WORK TASK:
Look below for the line containing "Pair of black"; from there through the line containing "Three wooden cutting", both lines included, please set down each line exactly and nothing else.

RECORD EXCERPTS:
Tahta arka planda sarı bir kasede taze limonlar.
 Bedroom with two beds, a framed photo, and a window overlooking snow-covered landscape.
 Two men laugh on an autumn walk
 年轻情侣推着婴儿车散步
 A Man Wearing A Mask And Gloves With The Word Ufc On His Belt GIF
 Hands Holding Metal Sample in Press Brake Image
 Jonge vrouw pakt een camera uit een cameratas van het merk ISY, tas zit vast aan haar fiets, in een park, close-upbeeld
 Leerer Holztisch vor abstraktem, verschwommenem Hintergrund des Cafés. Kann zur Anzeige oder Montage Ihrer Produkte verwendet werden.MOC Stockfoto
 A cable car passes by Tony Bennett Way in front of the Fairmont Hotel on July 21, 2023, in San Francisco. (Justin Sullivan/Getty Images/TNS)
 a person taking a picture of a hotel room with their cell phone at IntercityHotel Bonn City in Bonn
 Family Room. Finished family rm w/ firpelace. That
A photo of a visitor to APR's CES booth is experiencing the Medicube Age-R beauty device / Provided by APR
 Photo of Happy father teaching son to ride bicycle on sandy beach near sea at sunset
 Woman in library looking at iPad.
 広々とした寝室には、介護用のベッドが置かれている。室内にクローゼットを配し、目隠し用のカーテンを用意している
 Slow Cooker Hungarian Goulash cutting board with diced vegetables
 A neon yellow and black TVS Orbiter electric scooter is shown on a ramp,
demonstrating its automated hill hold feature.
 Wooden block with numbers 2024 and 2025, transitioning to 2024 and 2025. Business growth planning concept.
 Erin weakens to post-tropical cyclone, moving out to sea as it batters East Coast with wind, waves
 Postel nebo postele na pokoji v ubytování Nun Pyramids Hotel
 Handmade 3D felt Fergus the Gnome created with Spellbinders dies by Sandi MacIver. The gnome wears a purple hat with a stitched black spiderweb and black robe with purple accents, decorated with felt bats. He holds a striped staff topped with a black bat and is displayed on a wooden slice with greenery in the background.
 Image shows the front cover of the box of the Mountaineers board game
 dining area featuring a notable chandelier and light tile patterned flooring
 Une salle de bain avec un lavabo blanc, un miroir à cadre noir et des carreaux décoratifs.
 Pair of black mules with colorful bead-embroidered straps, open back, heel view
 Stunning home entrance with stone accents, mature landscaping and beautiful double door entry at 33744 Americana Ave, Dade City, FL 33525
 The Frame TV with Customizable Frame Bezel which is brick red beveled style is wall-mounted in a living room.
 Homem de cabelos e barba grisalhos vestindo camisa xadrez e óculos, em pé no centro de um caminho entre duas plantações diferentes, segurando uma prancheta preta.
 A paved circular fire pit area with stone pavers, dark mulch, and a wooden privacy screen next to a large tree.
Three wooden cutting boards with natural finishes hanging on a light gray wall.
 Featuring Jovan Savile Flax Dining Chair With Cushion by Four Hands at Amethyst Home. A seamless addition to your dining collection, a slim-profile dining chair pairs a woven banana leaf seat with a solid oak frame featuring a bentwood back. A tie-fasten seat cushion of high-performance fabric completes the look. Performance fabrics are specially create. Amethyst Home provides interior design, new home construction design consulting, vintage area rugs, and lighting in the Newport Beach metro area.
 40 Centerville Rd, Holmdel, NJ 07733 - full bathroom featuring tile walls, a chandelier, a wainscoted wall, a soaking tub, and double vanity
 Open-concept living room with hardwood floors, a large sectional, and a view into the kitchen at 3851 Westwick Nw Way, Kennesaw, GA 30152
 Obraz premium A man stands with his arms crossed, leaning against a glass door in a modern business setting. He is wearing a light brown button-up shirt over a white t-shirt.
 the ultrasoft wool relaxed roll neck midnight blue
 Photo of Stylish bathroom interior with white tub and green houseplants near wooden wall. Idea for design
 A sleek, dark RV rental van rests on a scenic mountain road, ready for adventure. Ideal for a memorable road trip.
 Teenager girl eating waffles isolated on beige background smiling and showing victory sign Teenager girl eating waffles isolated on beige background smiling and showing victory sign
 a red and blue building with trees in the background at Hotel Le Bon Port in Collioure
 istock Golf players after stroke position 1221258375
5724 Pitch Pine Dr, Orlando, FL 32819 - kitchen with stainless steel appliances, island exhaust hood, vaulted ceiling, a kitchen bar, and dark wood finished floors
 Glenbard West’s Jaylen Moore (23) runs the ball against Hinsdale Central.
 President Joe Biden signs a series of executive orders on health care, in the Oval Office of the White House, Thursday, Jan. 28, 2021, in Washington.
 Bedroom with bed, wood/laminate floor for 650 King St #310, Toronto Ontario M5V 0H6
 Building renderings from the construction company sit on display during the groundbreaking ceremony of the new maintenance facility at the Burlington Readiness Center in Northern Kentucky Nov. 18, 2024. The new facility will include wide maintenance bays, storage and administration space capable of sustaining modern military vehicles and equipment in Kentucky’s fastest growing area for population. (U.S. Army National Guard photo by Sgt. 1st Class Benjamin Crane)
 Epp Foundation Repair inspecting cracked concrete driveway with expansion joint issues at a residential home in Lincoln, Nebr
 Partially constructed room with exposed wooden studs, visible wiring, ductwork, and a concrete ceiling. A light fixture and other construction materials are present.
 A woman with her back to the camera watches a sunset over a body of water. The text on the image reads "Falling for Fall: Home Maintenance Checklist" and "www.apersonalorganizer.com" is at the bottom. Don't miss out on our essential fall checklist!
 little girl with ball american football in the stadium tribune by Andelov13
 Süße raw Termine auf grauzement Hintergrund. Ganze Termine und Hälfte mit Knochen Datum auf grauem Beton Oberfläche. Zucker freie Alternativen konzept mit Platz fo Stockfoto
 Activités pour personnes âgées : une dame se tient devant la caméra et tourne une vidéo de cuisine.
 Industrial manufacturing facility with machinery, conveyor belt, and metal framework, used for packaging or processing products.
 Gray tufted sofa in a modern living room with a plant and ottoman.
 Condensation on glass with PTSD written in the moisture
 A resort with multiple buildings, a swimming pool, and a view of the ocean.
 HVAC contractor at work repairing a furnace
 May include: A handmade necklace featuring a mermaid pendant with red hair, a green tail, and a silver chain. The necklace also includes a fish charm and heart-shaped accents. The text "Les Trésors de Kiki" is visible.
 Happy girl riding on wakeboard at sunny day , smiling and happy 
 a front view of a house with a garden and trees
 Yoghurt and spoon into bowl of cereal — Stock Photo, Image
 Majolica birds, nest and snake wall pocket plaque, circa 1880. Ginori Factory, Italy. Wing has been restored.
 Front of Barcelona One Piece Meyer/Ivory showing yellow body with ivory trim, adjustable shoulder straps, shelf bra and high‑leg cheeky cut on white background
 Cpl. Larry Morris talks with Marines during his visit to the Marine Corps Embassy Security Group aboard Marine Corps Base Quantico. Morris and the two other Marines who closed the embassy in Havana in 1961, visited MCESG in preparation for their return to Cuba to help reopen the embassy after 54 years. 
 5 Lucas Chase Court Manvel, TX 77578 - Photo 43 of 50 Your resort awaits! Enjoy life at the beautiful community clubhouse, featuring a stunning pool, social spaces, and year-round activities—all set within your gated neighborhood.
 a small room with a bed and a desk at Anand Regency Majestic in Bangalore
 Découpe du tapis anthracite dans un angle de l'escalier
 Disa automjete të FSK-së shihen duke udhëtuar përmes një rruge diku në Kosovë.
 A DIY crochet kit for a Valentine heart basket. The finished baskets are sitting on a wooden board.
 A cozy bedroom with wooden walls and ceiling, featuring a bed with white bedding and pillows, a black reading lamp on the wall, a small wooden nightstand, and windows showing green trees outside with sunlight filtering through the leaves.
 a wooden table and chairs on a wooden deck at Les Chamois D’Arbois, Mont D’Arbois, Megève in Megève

SOLUTION TO THE EXERCISE:
 Pair of black mules with colorful bead-embroidered straps, open back, heel view
 Stunning home entrance with stone accents, mature landscaping and beautiful double door entry at 33744 Americana Ave, Dade City, FL 33525
 The Frame TV with Customizable Frame Bezel which is brick red beveled style is wall-mounted in a living room.
 Homem de cabelos e barba grisalhos vestindo camisa xadrez e óculos, em pé no centro de um caminho entre duas plantações diferentes, segurando uma prancheta preta.
 A paved circular fire pit area with stone pavers, dark mulch, and a wooden privacy screen next to a large tree.
Three wooden cutting boards with natural finishes hanging on a light gray wall.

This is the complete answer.